Advisor - Ron Sims, 435-797-3156
ron.sims@usu.edu



Abstract

Biofilm-based microalgal growth was determined as functions of organic chemical loading and water temperature utilizing dairy wastewater from a full-scale dairy farm.  The dairy industry is a significant source of wastewater worldwide that could provide an inexpensive and nutrient rich feedstock for the cultivation of algae biomass for use in downstream processing of animal feed and aquaculture applications.

Algal biomass was cultivated using a Rotating Algal Biofilm Reactor (RABR) system.  The RABR is a biofilm-based technology that has been designed and used to remediate municipal wastewater, and was applied to treat dairy wastewater, through nutrient uptake, and simultaneously provide biomass for the production of renewable bioproducts.
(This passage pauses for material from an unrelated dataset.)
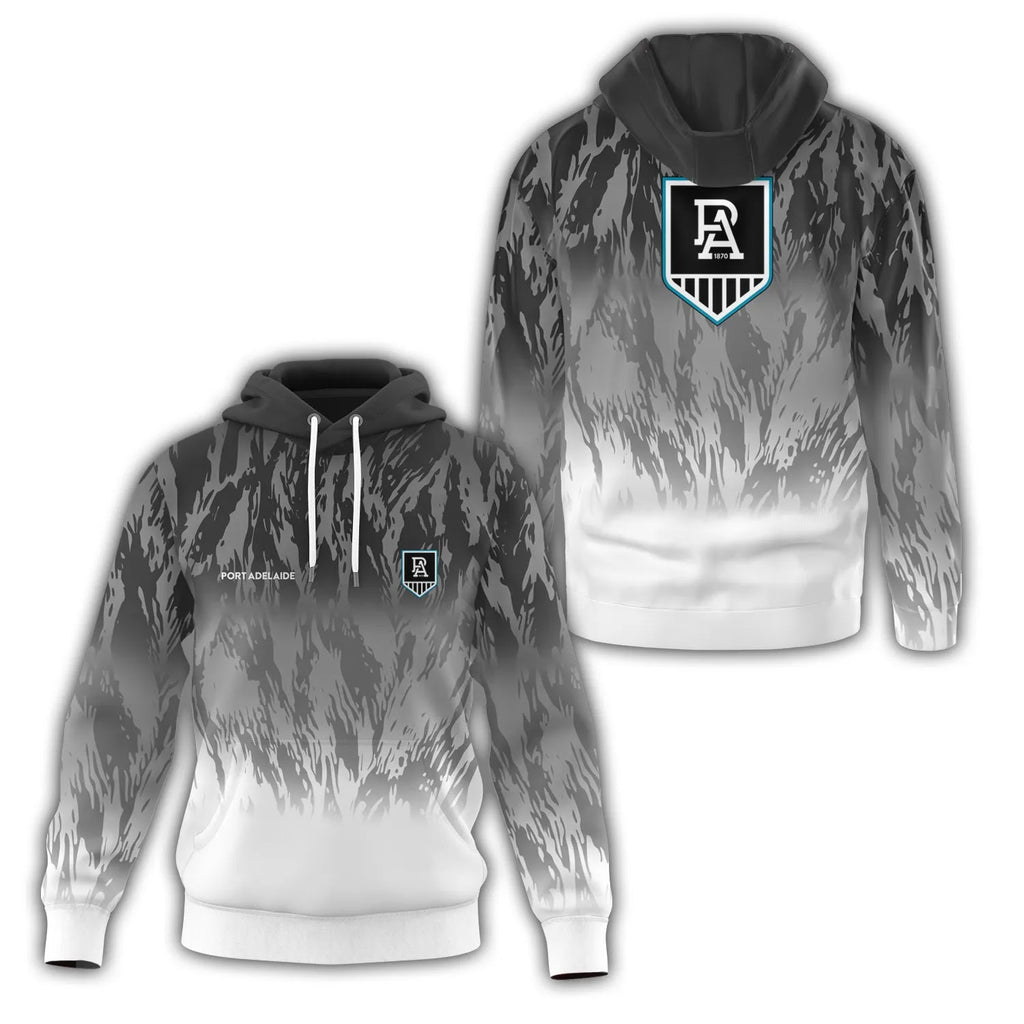 Port Adelaide Power Hoodie SC069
Algal biomass was grown at temperatures ranging from 7-27 °C, and organic carbon concentrations ranging from 300-1200 mg/L of Total Organic Carbon (TOC). Aerial algal biofilm growth rates were calculated, and analysis of Variance (ANOVA) calculations indicated that both the temperature of the wastewater and the level of organic carbon contributed significantly to the rate of biomass growth in the system. However, the interaction of temperature and organic carbon content was not significantly related to the biofilm-based growth rate.

Equations were developed using an Arrhenius linearization and temperature correction coefficient that can be used to evaluate algal biomass productivity and nutrient removal rates in future experiments and designs for dairy wastewater.